The New Jersey Turnpike Authority serves as the state agency overseeing the New Jersey Turnpike and Garden State Parkway. According to an NJTA budget report, the organization generated a staggering $2.13 billion in toll revenues in 2022. This was paid by a quarter-million passenger and commercial cars using the two toll roads during the year. For context, that’s just slightly less than the entire state revenue generated by Alaska, Wyoming, and South Dakota for the 2022 fiscal year. 

Florida is another state in which toll roads serve as proverbial cash cows. Florida Weekly reported that the Florida Turnpike Enterprise, which oversees the Florida Turnpike and other state toll roads, generated $956 million in 2020. This was amid the initial stages of the COVID-19 pandemic and a notable drop of over $1 billion from the year before. 

The Metropolitan Transportation Commission oversees transportation within the nine-county San Francisco Bay Area. It reported over $833 million in toll revenues for the 2022-23 fiscal year. 

The revenues generated from toll roads are certainly impressive. These figures beg the question: How do states use all those funds? 

Where does all this toll money go?

A toll road queue on a cloudy day
Toll road | Darwel via iStock

How states, municipalities, or regional authorities use toll revenues varies. However, the most common use is to fund maintenance on the toll roads themselves. Revenues may also be diverted to fund maintenance projects on other thoroughfares or fund the construction of additional lanes or expansions. 

Road construction, maintenance, and expansion projects are significant financial undertakings. As such, tolls can effectively mitigate their financial impacts on government agency budgets. Even if toll users aren’t too happy with essentially another form of road tax being levied upon them. 

Will tolls ever go away?

Don’t bank on it. The revenues generated by tolls are significant, and as such, government agencies aren’t too willing to cut off a source of necessary revenue. However, some new methods of padding state coffers through tolls are becoming more prevalent. 

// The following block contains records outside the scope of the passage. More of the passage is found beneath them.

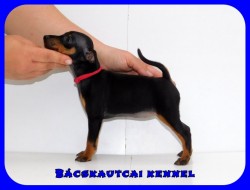 Bcskautcai Kora Chloe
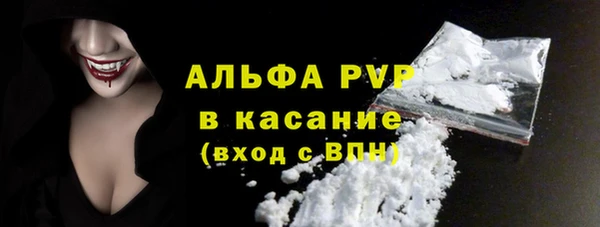 прущие грибы Верея
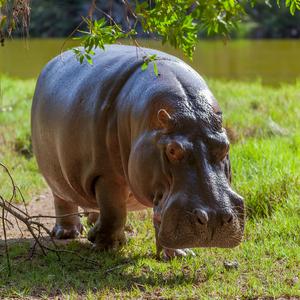 Hippo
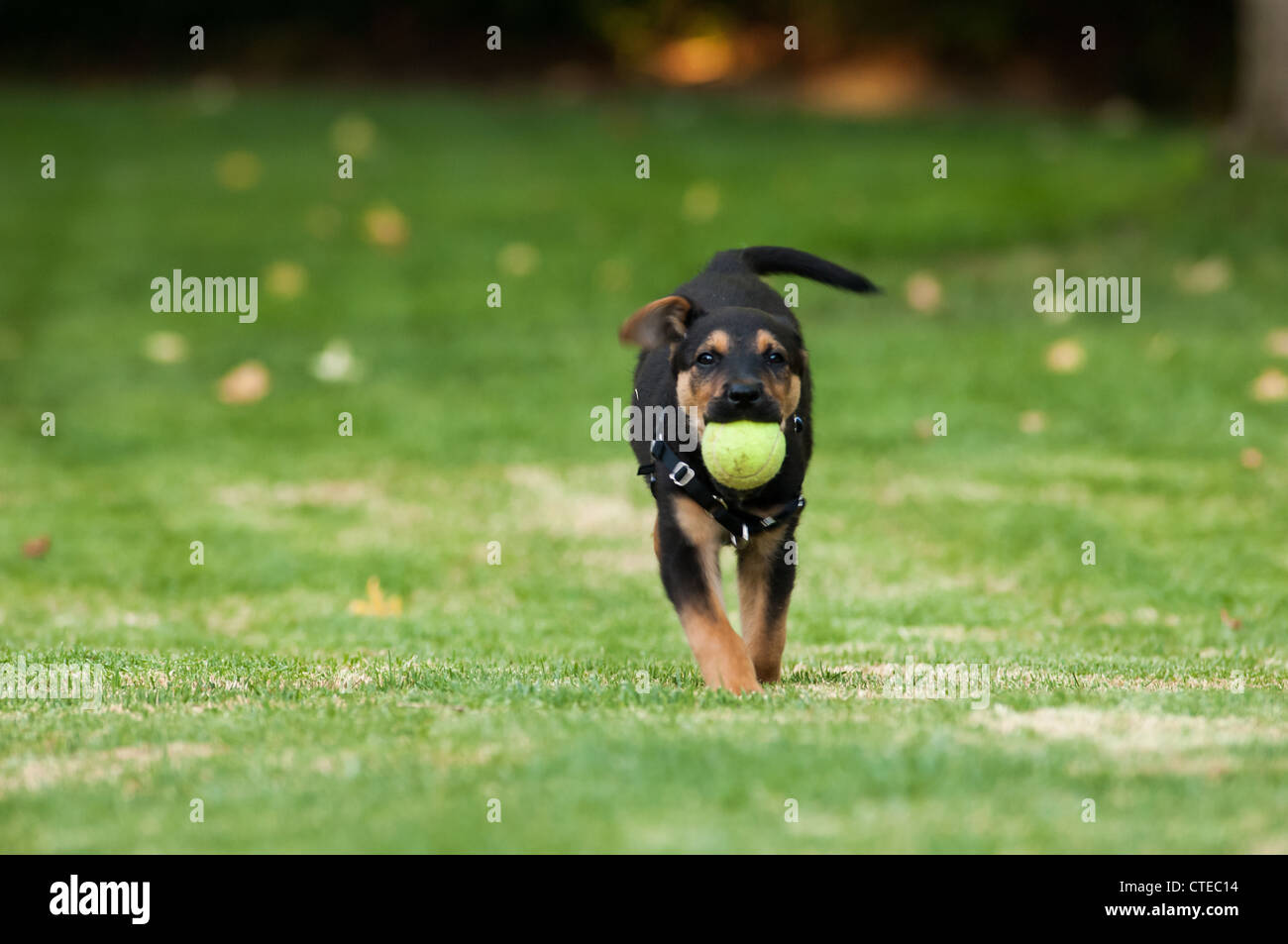 Puppy with tennis ball on grass Stock Photo Alamy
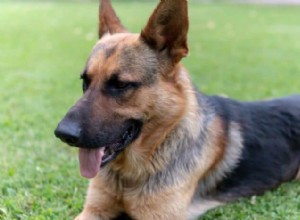 Strong & Bold: The Best Tough Dog Names for Fierce Pups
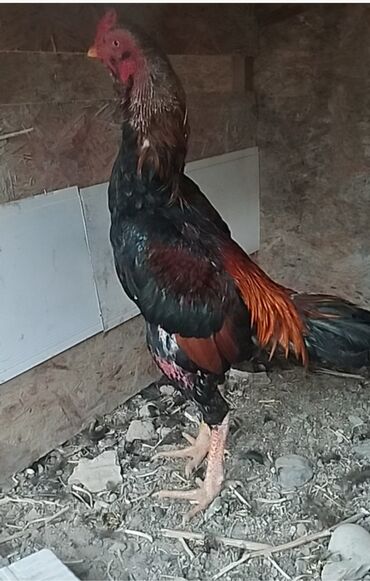 собака доберман сколько стоит: Сатам | Короздор | Тебиштирүүчү | Тебиштирүү үчүн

The Associated Press reported earlier this year most toll roads that have been implemented over the last decade aren’t traditional tolls, they are considered “price-managed lanes.” These lanes, which often run adjacent to major highways and interstates, are an optional toll. These price-managed lane tolls allow drivers to choose to pay a fee, which is variable and set by current traffic conditions, to bypass traffic on nearby, non-toll roads. 

These price-managed lanes have become more prevalent in the South, the AP reports, but are also found in California, Colorado, Washington, and Minnesota. 

Overall, tolls are unlikely to disappear from some major thoroughfares, and if the recent push for price-managed lanes is any indication, more drivers could encounter toll roads with a choice to pay a toll to hasten their journey.